### REQUIREMENT
From the line with "Áo khoác ren" to the end of the data below, restate each line word for word, both ends included, without the pictures.

-=-=-=-=-

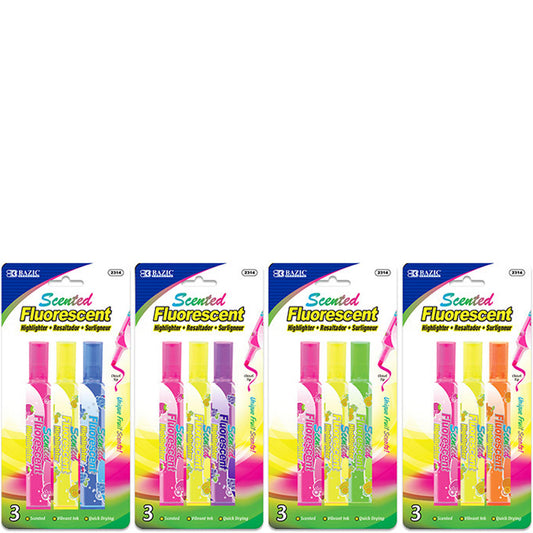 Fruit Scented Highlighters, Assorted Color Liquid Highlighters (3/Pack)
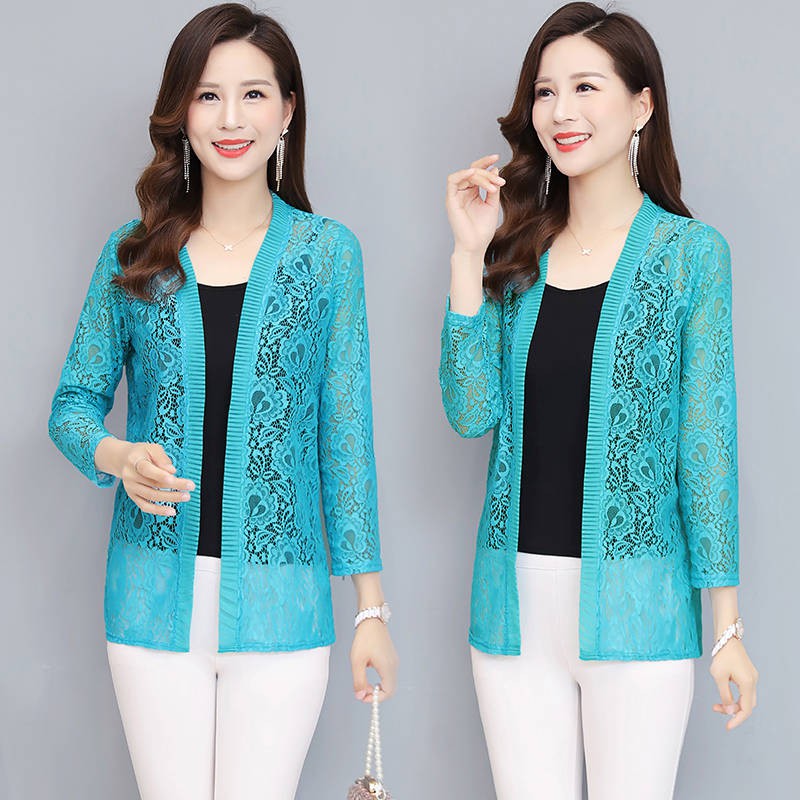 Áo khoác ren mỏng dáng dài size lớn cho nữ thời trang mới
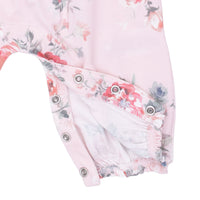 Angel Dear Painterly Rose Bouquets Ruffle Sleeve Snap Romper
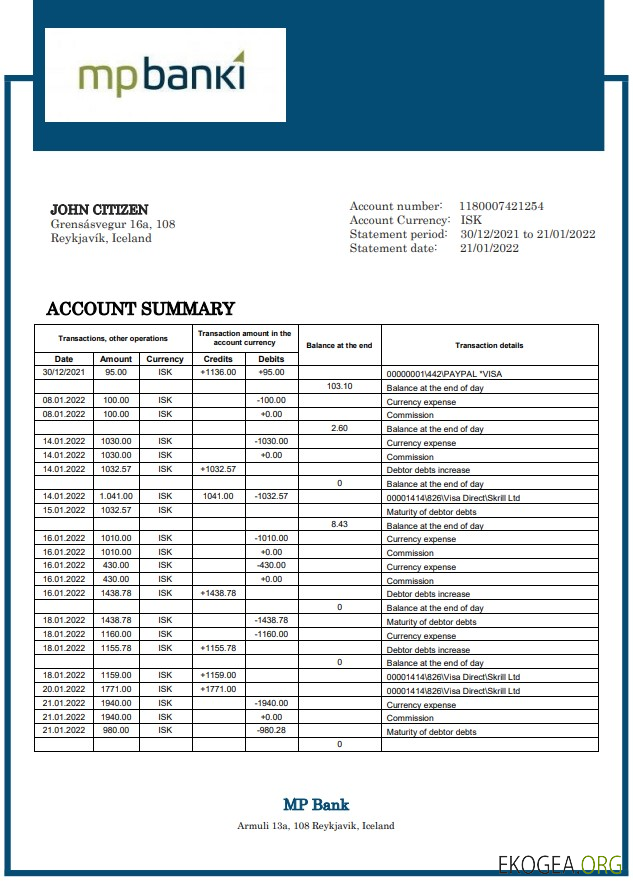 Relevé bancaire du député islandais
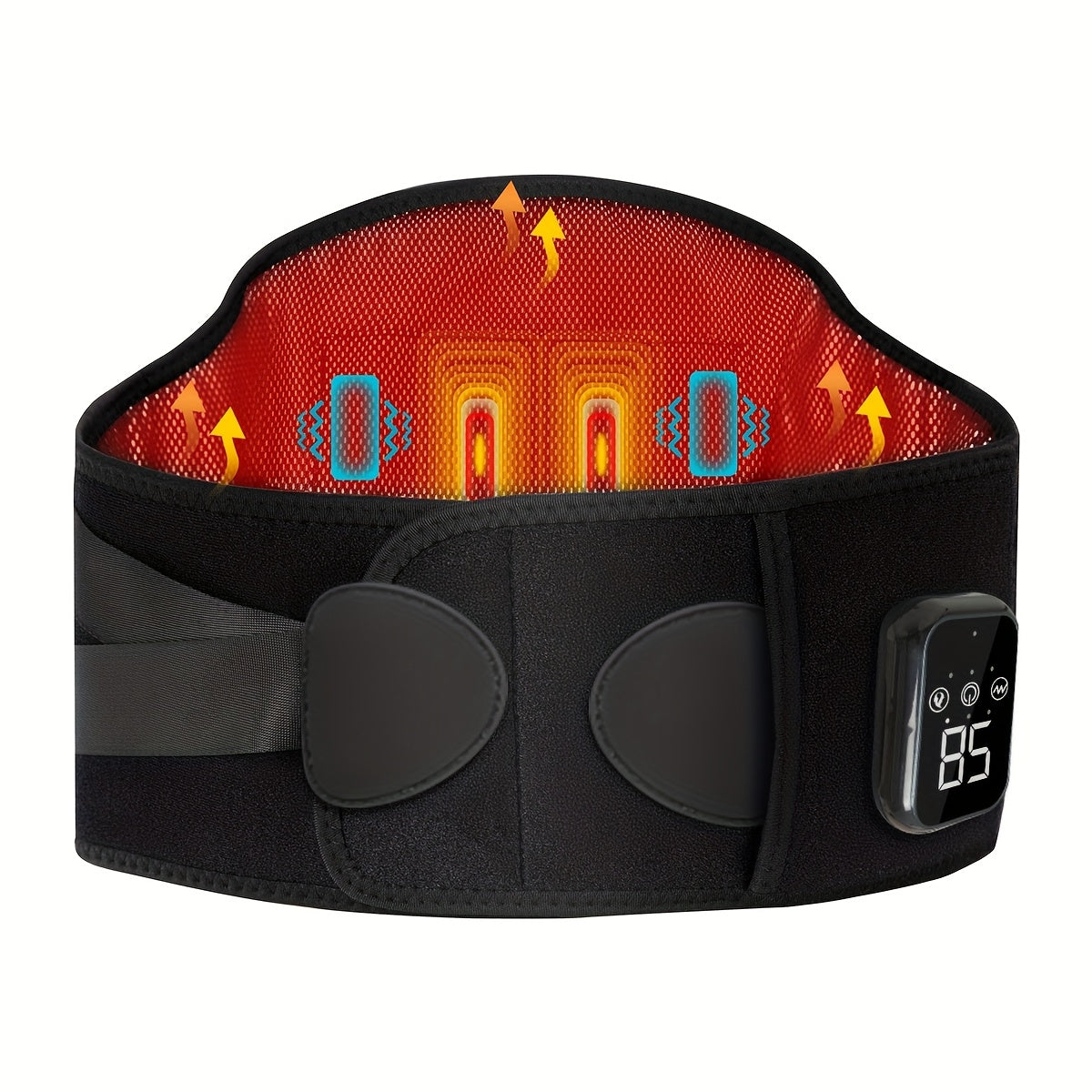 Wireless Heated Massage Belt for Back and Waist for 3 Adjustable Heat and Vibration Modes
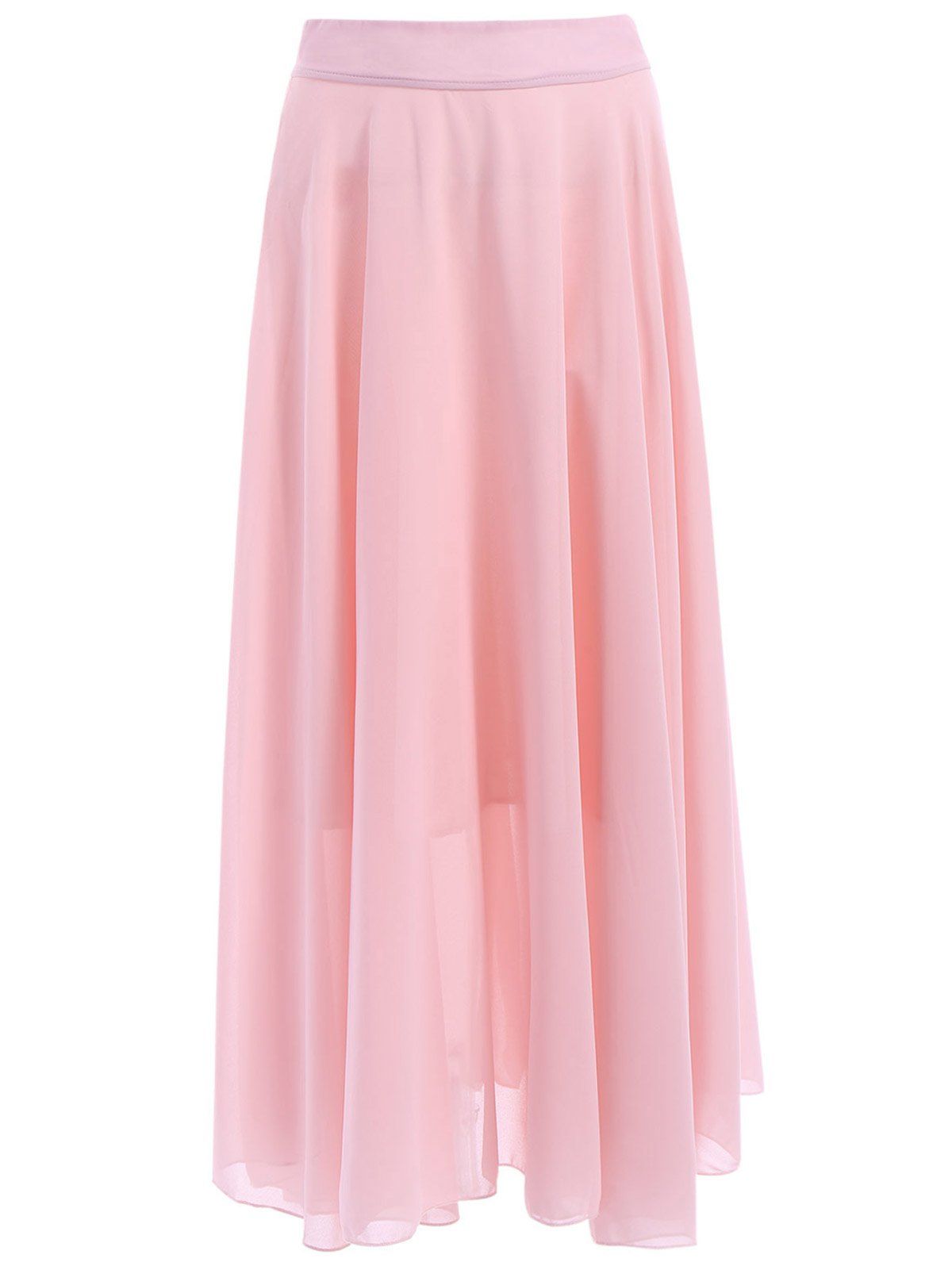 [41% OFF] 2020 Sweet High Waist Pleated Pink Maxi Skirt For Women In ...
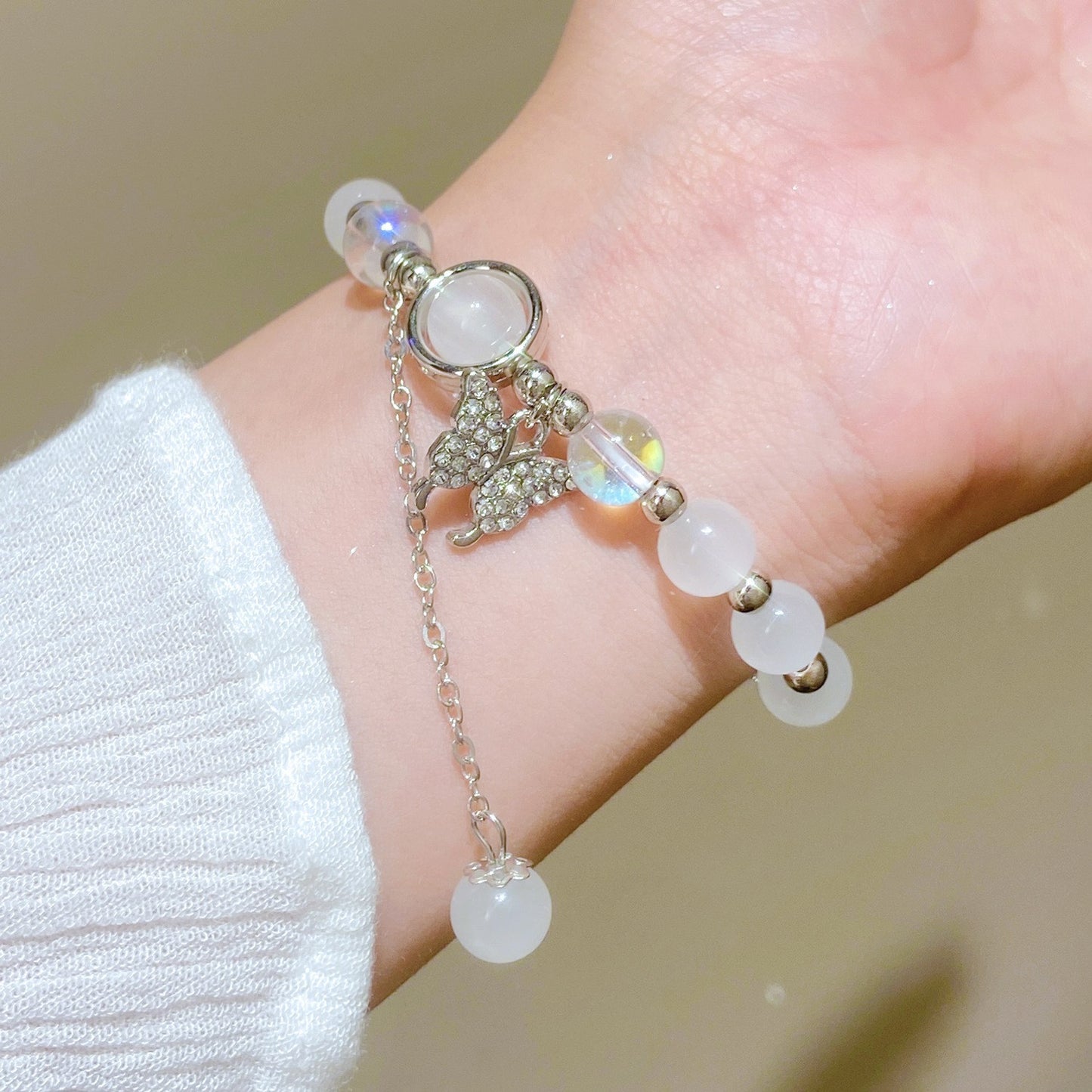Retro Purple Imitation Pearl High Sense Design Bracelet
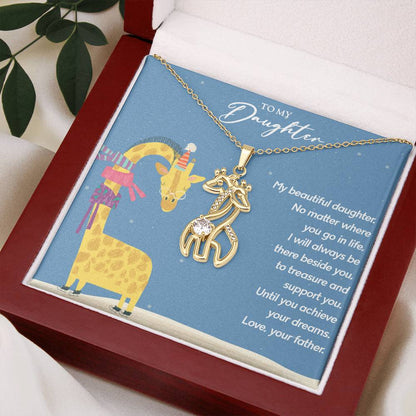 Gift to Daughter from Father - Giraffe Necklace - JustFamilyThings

-=-=-=-=-

### TASK RESPONSE
 Áo khoác ren mỏng dáng dài size lớn cho nữ thời trang mới
 Angel Dear Painterly Rose Bouquets Ruffle Sleeve Snap Romper
 Relevé bancaire du député islandais
 Wireless Heated Massage Belt for Back and Waist for 3 Adjustable Heat and Vibration Modes
 [41% OFF] 2020 Sweet High Waist Pleated Pink Maxi Skirt For Women In ...
Retro Purple Imitation Pearl High Sense Design Bracelet
 Gift to Daughter from Father - Giraffe Necklace - JustFamilyThings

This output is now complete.